Una Bce che resta guardinga, dunque, sugli effetti di secondo livello sui prezzi ed in particolare su eventuali rialzi salariali che venissero dalla stagione dei rinnovi a seguito degli aumenti subiti da prodotti energetici ed alimentari. E’ insomma tempo di stringere la cinghia e a pagare dovranno essere i lavoratori più che le aziende per evitare pericolose spirale inflazionistiche. Ma il banchiere centrale ha dovuto ammettere: l’inusuale incertezza dei mercati finanziari potrebbe avere contraccolpi sull’economia reale.
Così per quanto “il Consiglio direttivo continua nel suo impegno di prevenire gli effetti di secondo livello sull'inflazione e la concretizzazione di rischi al rialzo alla stabilità dei prezzi nel medio termine” non si è avuto più alcun accenno alla possibilità di futuri rialzi dei tassi in Eurolandia.
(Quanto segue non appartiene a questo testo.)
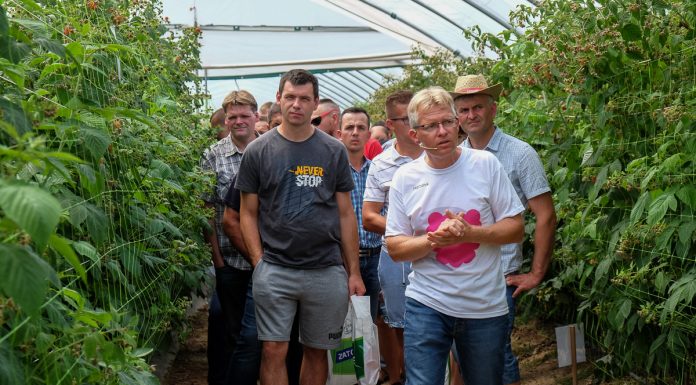 Maliny – kryzys, czy konieczność zmian? Odpowiedź na Malinowe Factory 2018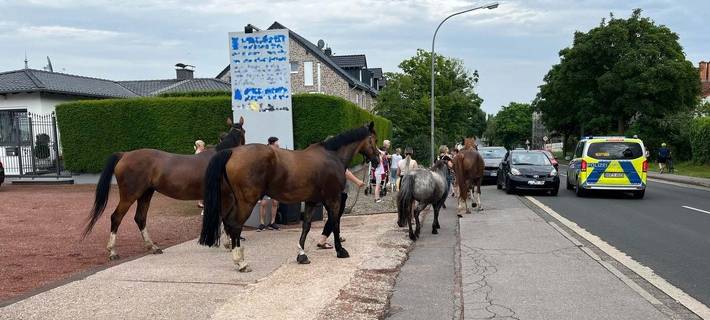 In Stolberg ist am Wochenende eine Pferdekolonne auf der Würselener Straße unterwegs gewesen.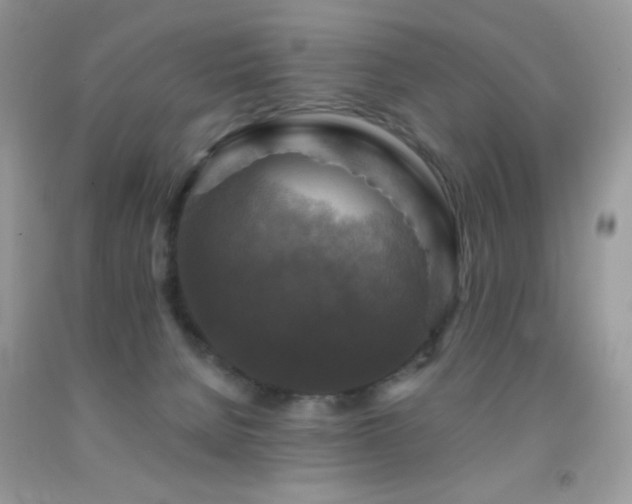 X0000091910080200709051427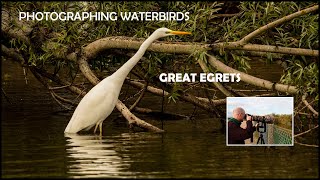 Bird Photography-Photographing Great Egrets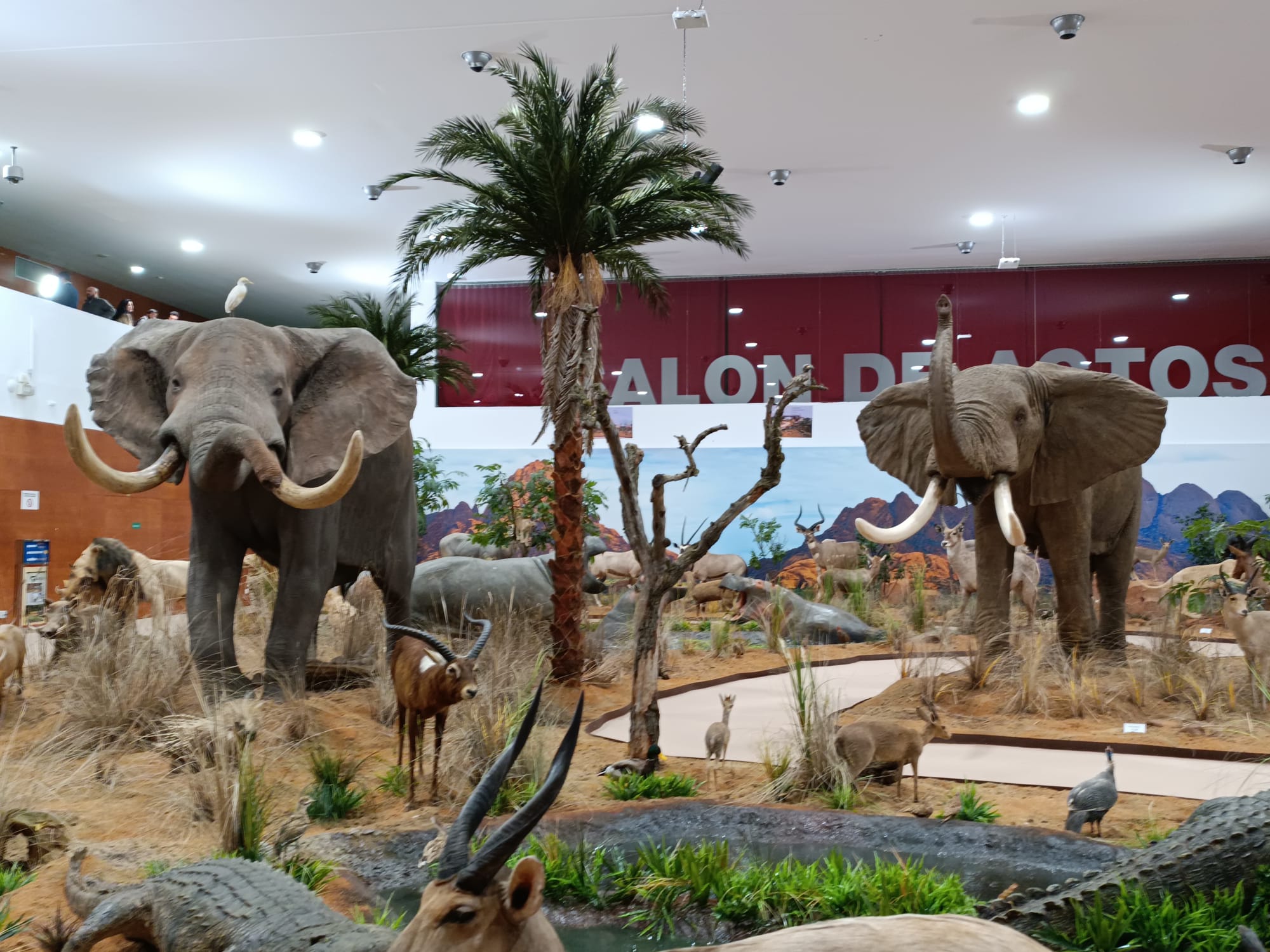 Museo de la Fauna Salvaje - FIAGA
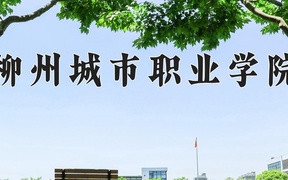 2024年柳州城市职业学院全国录取分数线，附最低分和最低位次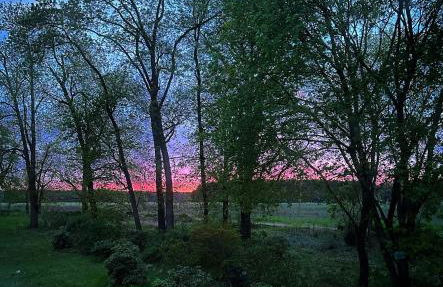 Arboris - Retreat into the open - Photo 25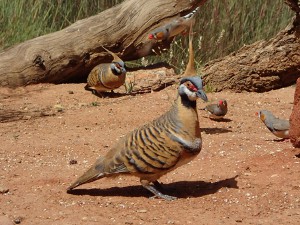 Spinifex Pigeions and Zebra Finch (Desert Park, Alice Springs)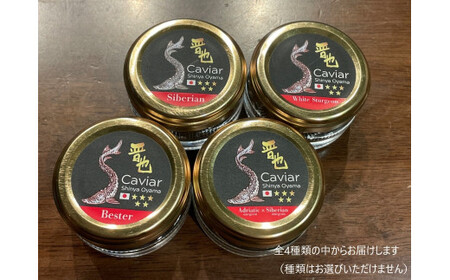 中津川キャビア S Caviar 食べ比べ2種 100-005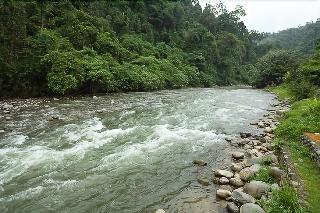 Indra Valley Inn Bukit Lawang fotoÄŸrafÄ±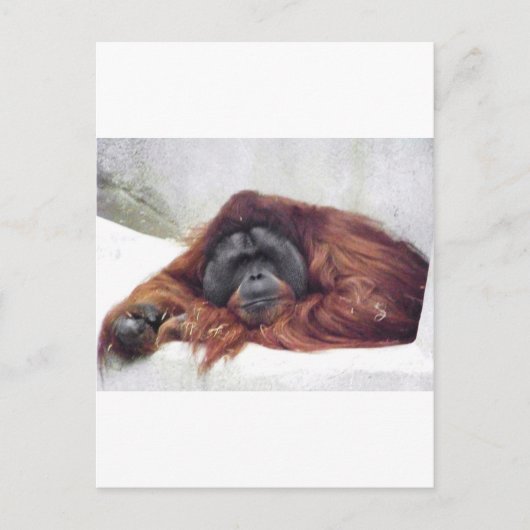 Orangutan Briefkaart (Voorkant)
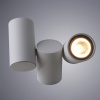 Потолочный светильник Divinare Gavroche 1354/03 PL-2 — купить в Bronko‑Decor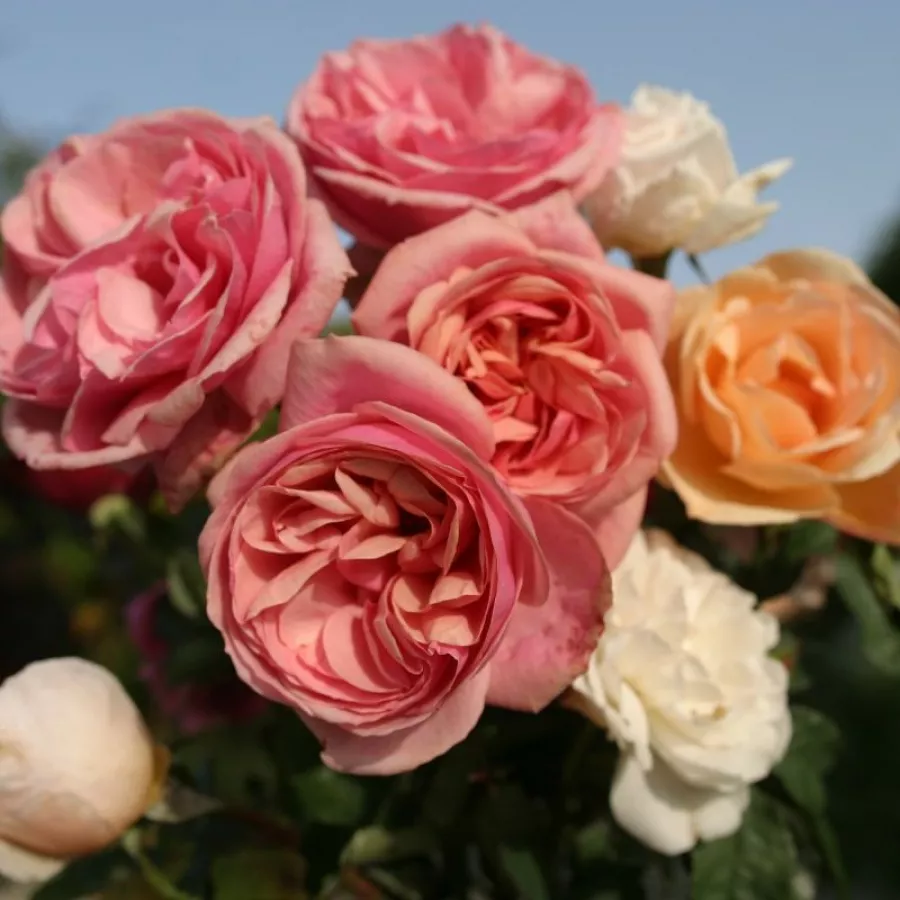 Pojedyncze - Róża - Stefanie's Rose - sadzonki róż sklep internetowy - online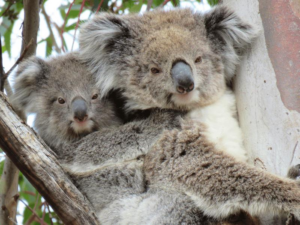 Koalas Kiki e Lulu, nonostante le loro differenze di età, entrambi hanno il naso che permetterà agli scienziati di riconoscerli per la maggior parte delle loro vite.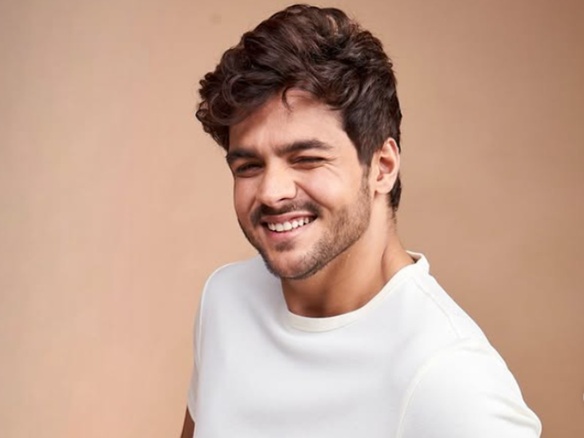 ashish chanchlani net worth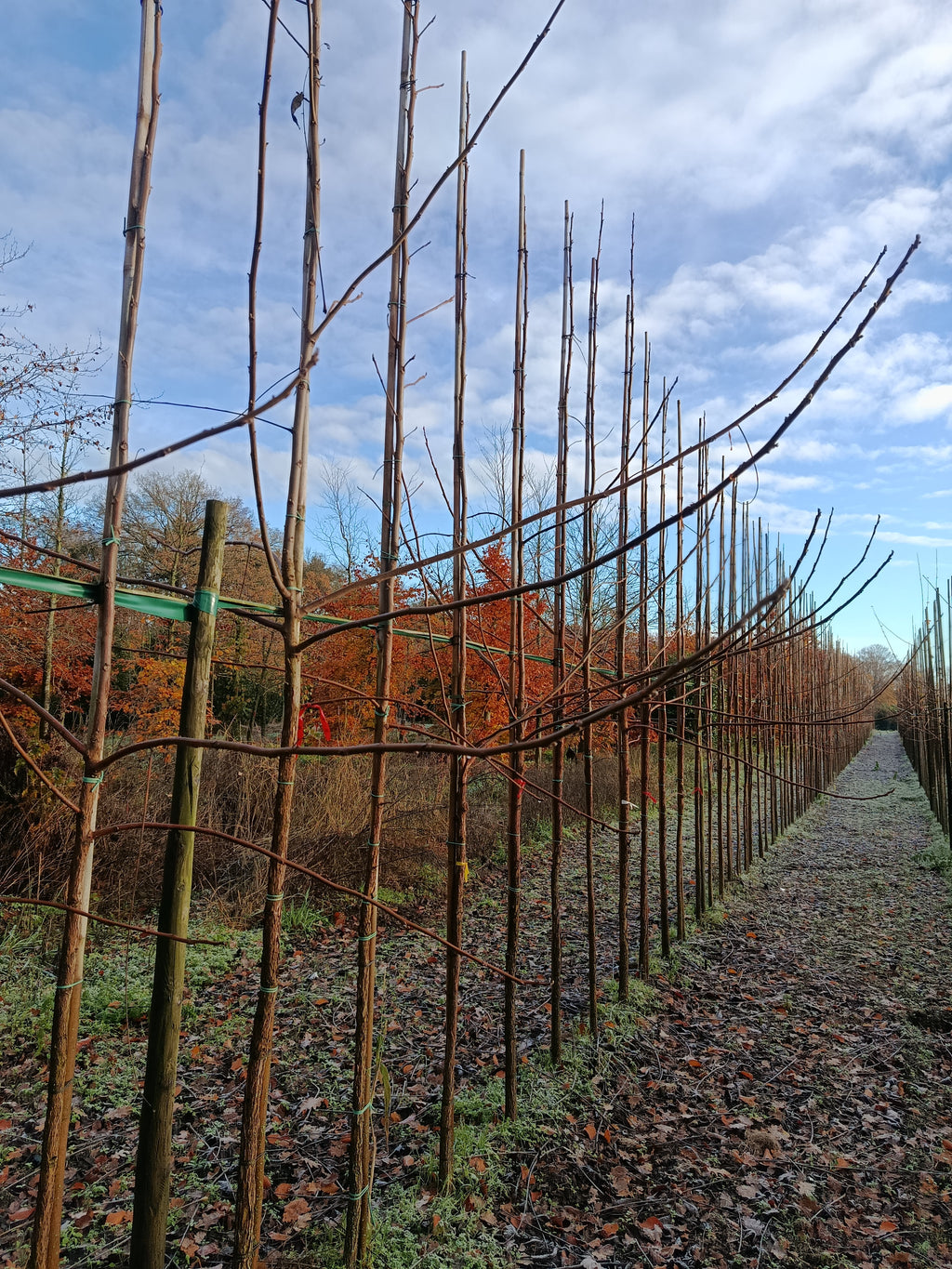 Zwarte walnoot (Juglans Nigra) hoogstam
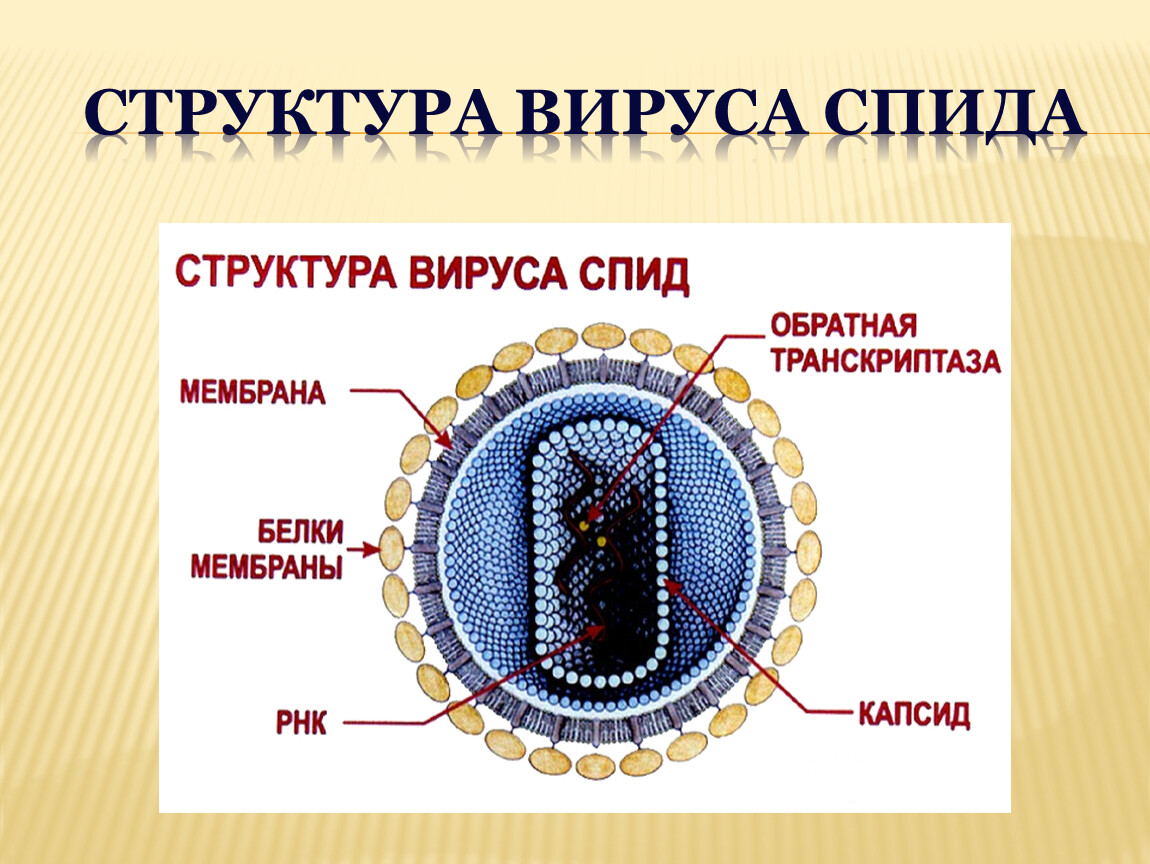 Биология 8 вирусы. Строение вируса ВИЧ суперкапсид. Строение вириона ВИЧ. Строение вируса ВИЧ биология. Схема строения клетки вируса.
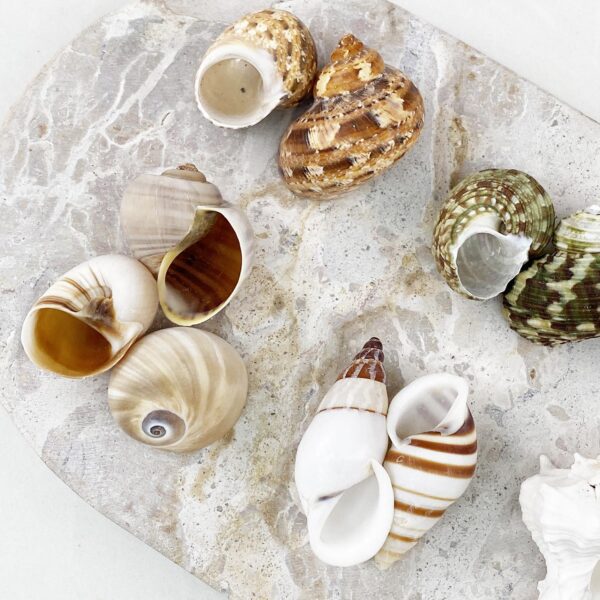 Hermit Crab Shells Medium size
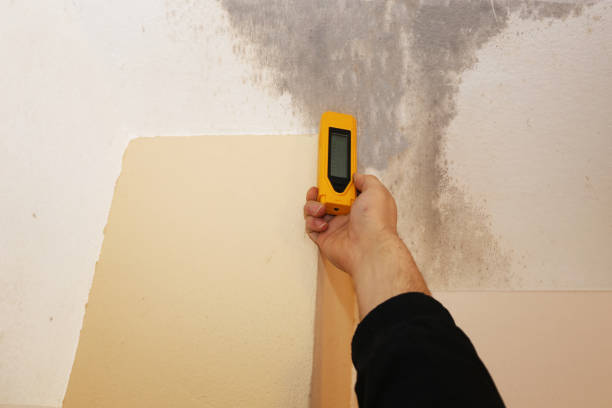 Best Airborne Mold Testing  in Staic, CA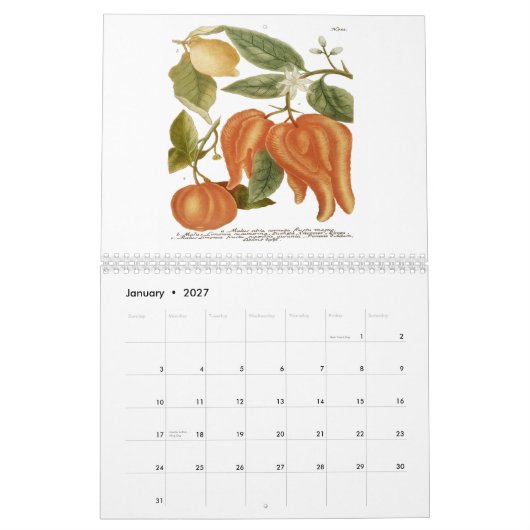 Phytanthoza Iconographia Kalender (Jan 2027)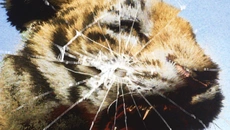 Wildlife Warfare - дата выхода для PC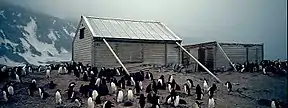  Two wooden structures surrounded by penguins. The larger, on the left, has a pitched roof and is supported by timber braces. The smaller, on the right, has no roof. Snowy slopes are visible in the background.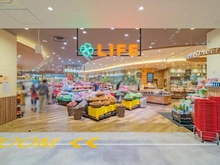 【東京都/江東区亀戸】富士見コーポビアネーズ  ライフカメイドクロック店（現地より約480m）
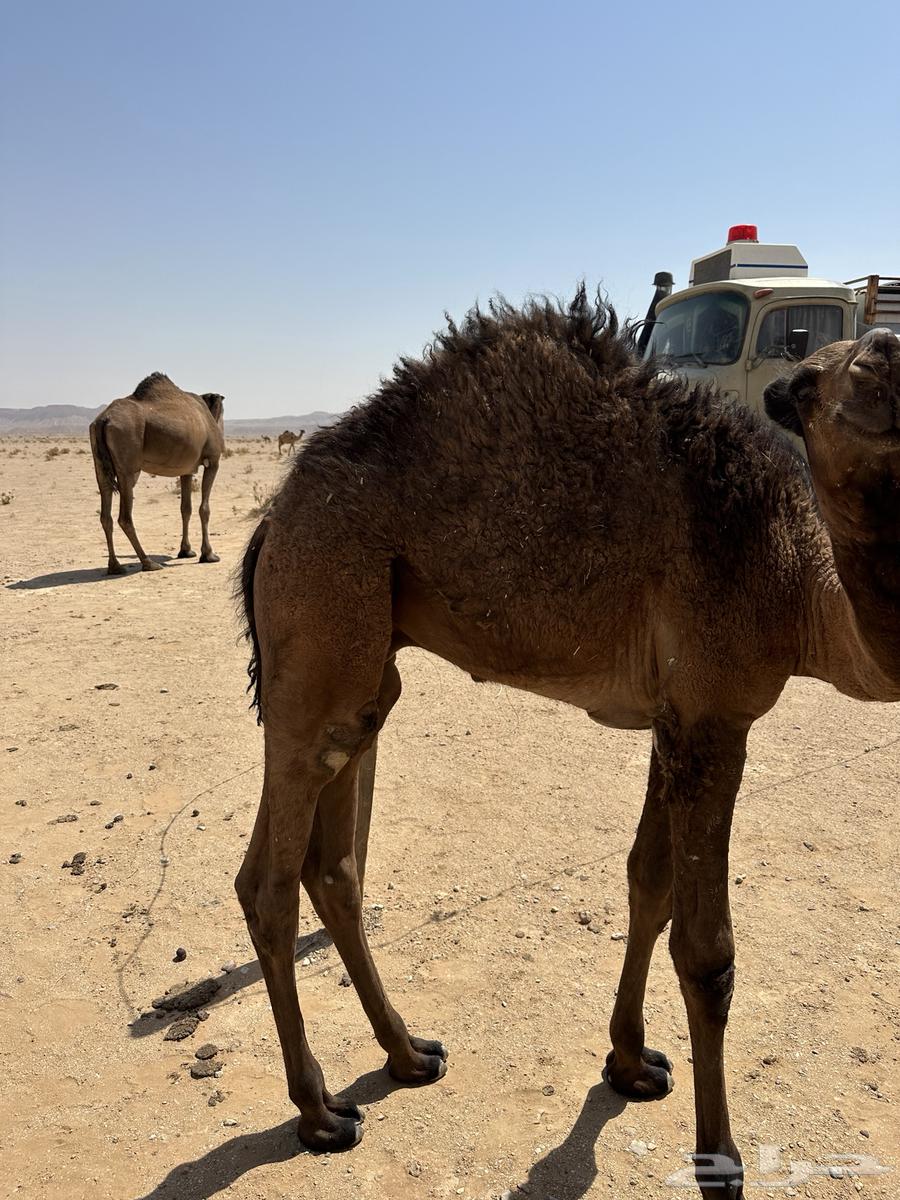 قعود للبيع64459035498371110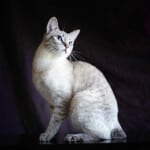 Mekong Bobtail cat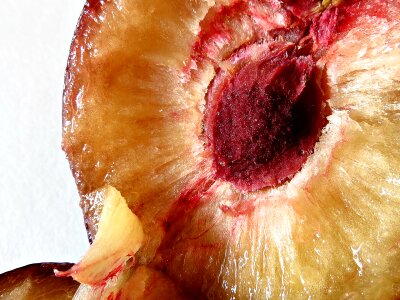 A single piece of fruit closeup semen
Fondamentali solidi, insomma, non vuol dire essere insensibili alle intemperie che in queste settimane scuotono i listini e del resto l’esempio di Fed e BoE, per quanto indirettamente, è lì a dimostrare che si può anche decidere di agire rapidamente se poi la misura risulta efficace ed è recuperata con altrettanta decisione nel momento in cui i tassi saranno da alzare.
Il mercato sembra aver capito il cambio di tono e l’euro ha subito perso terreno contro il dollaro: se non vi saranno ulteriori rialzi, infatti, non ha molto senso scommettere su ulteriori indebolimenti a breve del biglietto verde.